A good first place to look is msinfo32
, where you may see Secure Launch
is Configured
but not Running
. It’s not that you haven’t figured out how to use InTune properly to enable Firmware Protection (known as System Guard). Microsoft does note that older CPUs don’t support the feature, but I known mine does, it’s clearly in the spec sheet:
Windows 11’s feature requires TXT support in your BIOS
I’m sitting on a business class, HP Elitebook only a few months old, but it turns out this issue is because the Intel Trusted Execution Technology (TXT) feature, which ships with the CPU, isn’t supported by the BIOS. You’ll see this here, with an event log I cannot find a reference to anywhere online.
I have no knowledge of whether this persists across other vendors, but threads complaining noone can setup InTune right for this feature are common. As far as I can see, InTune only keeps coming up because people working on new baselines for Windows 11 are probably using InTune.
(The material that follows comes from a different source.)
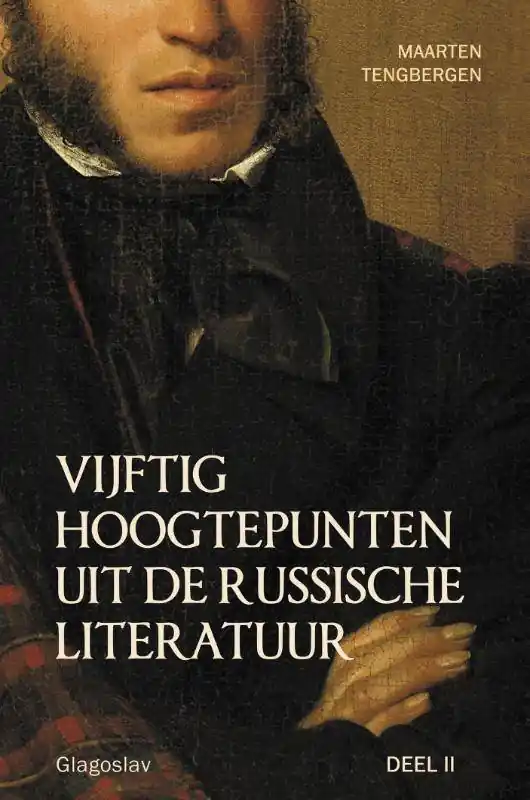 Gratis Verzending Vijftig hoogtepunten uit de Russische Literatuur 2 / Druk 1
The manual for this model of laptop actually describes a BIOS setting to enable the TXT feature - but with the latest BIOS it simply isn’t there. I’ve had a case open for a while and it appears to be acknowledged, and I’ll update this blog as information becomes available.
Update
HP have followed up on my ticket and basically said “yep, we only ship that feature in very specific models”, kindly revert.